II would make my own holder so the dovetail would fit bxa post.
I also saw some pics of a guy who cut dovetils right into the tool holder. Not sure what that would do to the rigidity of the holder. You would go from a 1" shank to .59".


----------



## 4GSR (May 6, 2017)

I've shaved down a few from 1-1/4" to 5/8".  I don't recommend it.  It's hard on the mill cutting 45 RC hard material. I've done some that had 1" shanks, too.
As for cutting a dovetail into the tool shank, it works.  Go for it!  It's not like you have a 25 HP motor behind the cutting edge putting brute forces on both the cutting tool and work piece.  I see nothing what so ever wrong with it.  Ken


----------



## ddickey (May 6, 2017)

So what exactly is the material?


----------



## 4GSR (May 6, 2017)

ddickey said:


> So what exactly is the material?


If USA made, most are made of H-13 tool steel.  A few use 4140/45 steel.  Chinese, C40-C45, or 35Mn, they call it, which is equivalent to our 4130.
Ken


----------



## Scruffy (May 8, 2017)

I 'be shaved a few 1-1/4 down to 1.00 . With a carbide end I'll it didn't seem bad, but I have never had a training b, sides this site .
Thanks Ron. Scruffy


----------



## ddickey (May 15, 2017)

I got the holders. 2 Kennametal DCKNR-205D INS CN-54. They're heavy. I have a feeling this will not end well. LOL


----------



## bfd (May 15, 2017)

unless its a special carbide shape or holder I see no reason to ruin a good toolbit bill


----------



## woodchucker (May 16, 2017)

4gsr said:


> I've shaved down a few from 1-1/4" to 5/8".  I don't recommend it.  It's hard on the mill cutting 45 RC hard material. I've done some that had 1" shanks, too.
> As for cutting a dovetail into the tool shank, it works.  Go for it!  It's not like you have a 25 HP motor behind the cutting edge putting brute forces on both the cutting tool and work piece.  I see nothing what so ever wrong with it.  Ken


Wait a minute Ken, you say it's hard on the mill cutting hard metal, but it's ok to put a dovetail in the same metal?
A slight contradiction ???   Which is it..


----------



## 4GSR (May 16, 2017)

woochucker said:


> Wait a minute Ken, you say it's hard on the mill cutting hard metal, but it's ok to put a dovetail in the same metal?
> A slight contradiction ???   Which is it..

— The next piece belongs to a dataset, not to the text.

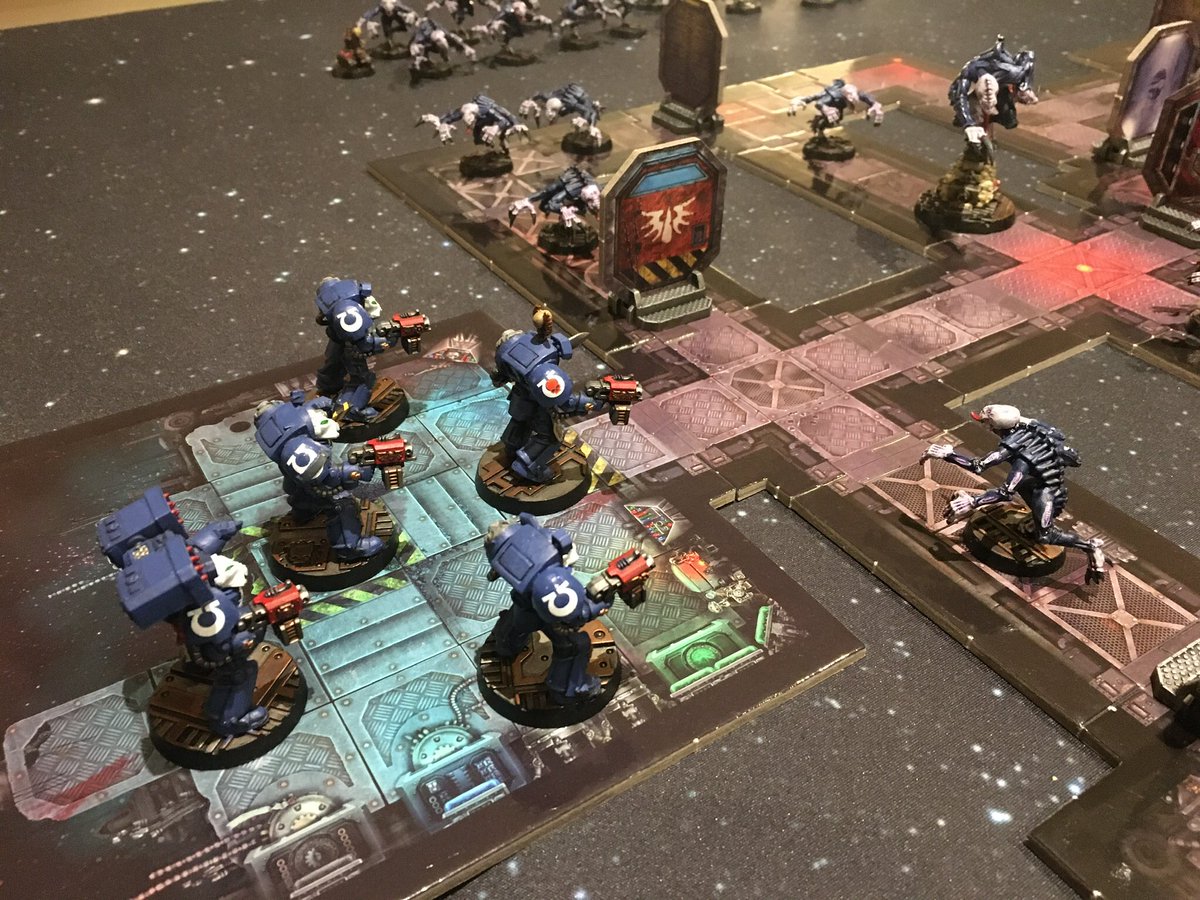 tomjmegan's tweet photo. Backs to the cold hard void, the only way out is through the Genestealer-infested innards of the SpaceHulk *Hunter of the Void*. 

#SpaceHulkSunday #SpaceHulk #WarhammerCommunity #WH40K #CourageandHonour #KnowNoFear https://t.co/LoCTrlJCtB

That crossed my mind after I posted it, too.  My apology. 
 Never tried to cut a dovetail in a holder.  I've seen it done.  It has to be hard on the tooling and mill.  I would suspect you would cut the slot with a endmill first unless you have a inserted tooth cutter.  Then come in with a dovetail cutter.  I do have inserted tooth dovetail cutters but I don't think I want to use them on something like this.


----------



## ddickey (May 17, 2017)

I have a bunch of inserts and if I ruin my cutter I'll make another. This time 1144 stressproof. I'll take it easy though.


----------



## rgray (May 17, 2017)

I grind them to 3/4" and grind the slot in a bxa holder to hold that. Surface grinder....saves mill tooling


----------



## ddickey (May 17, 2017)

Yeah that would work if I had a surface grinder.


----------



## rgray (May 17, 2017)

https://www.machinesused.com/

Check this out. Sure wish they were in my area.


----------



## ddickey (May 18, 2017)

Got it done. Dovetail came out very nice. I used an old carbide endmill I had and pretty much destroyed it I think. Then took a few light passes with a new carbide rougher then milled the dovetails with my home made cutter that uses a carbide insert. I was a little surprised at how well it cut. The insert loosened up once but no damage was done. I may have gone just a hair to deep in the depth but it fits really nice. Now if i could get the pin out of the other holder to try it out.


----------



## ddickey (May 19, 2017)

Boy that's depressing. This is a facing tool only.
I have another one if someone wants it check the for sale forum.


----------



## 4GSR (May 19, 2017)

ddickey said:


> Boy that's depressing. This is a facing tool only.
> I have another one if someone wants it check the for sale forum.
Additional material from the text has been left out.